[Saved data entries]
■ ■ ■ ■
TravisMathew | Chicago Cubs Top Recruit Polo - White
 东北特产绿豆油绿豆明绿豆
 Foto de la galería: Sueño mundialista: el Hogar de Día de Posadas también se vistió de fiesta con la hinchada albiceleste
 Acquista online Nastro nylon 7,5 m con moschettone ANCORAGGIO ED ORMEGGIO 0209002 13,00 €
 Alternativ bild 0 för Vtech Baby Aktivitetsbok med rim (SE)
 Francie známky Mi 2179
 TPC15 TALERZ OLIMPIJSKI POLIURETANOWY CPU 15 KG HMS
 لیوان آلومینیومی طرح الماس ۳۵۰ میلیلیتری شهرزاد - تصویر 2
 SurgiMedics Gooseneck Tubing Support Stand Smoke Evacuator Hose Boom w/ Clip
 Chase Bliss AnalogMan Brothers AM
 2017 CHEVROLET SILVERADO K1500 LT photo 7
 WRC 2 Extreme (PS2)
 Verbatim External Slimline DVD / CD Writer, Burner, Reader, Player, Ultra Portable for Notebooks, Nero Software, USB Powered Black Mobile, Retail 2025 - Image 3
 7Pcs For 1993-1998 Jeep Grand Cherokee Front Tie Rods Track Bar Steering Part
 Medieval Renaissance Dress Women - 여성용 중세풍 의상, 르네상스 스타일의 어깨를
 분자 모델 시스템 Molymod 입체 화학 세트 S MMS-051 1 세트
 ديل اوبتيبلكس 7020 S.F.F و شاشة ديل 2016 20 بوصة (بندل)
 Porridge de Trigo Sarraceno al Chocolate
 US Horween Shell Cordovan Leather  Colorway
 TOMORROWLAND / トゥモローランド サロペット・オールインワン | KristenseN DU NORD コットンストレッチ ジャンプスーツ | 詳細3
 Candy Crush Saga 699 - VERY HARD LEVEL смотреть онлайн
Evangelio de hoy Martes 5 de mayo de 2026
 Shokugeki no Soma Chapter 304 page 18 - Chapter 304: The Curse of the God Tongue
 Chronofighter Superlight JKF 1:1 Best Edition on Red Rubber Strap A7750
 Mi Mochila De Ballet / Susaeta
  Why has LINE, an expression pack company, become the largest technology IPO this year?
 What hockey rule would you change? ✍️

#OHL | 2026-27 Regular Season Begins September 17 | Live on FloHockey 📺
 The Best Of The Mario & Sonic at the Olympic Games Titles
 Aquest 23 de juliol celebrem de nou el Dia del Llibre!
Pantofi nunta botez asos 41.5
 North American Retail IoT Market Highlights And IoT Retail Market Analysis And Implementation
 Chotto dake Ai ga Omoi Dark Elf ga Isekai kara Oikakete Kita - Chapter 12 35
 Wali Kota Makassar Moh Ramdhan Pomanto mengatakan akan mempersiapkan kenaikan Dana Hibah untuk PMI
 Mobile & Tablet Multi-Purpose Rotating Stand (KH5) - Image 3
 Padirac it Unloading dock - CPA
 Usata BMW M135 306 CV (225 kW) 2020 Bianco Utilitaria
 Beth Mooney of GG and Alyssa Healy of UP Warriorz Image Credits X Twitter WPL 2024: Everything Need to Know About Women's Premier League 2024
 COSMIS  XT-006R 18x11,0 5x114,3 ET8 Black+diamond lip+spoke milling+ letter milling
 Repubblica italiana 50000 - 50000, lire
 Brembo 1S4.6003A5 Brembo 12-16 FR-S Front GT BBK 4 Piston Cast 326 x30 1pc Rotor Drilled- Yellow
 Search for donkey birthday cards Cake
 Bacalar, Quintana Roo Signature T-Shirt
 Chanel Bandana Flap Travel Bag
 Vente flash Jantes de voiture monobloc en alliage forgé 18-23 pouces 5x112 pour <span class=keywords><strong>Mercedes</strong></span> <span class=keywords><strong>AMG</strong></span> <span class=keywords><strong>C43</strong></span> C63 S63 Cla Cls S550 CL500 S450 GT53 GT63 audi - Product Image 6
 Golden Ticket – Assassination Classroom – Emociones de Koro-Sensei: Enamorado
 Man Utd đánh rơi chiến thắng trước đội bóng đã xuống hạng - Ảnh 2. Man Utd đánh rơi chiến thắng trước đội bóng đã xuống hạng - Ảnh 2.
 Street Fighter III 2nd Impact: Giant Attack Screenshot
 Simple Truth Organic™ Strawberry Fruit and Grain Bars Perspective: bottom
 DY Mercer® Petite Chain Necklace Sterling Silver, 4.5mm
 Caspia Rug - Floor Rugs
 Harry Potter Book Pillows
■ ■ ■ ■
_What this task involves_
Your output should be the lines from the one with "Caspia Rug - Floor Rugs" through the last line of the entries above, copied exactly and nothing more.

_Reply_
 Caspia Rug - Floor Rugs
 Harry Potter Book Pillows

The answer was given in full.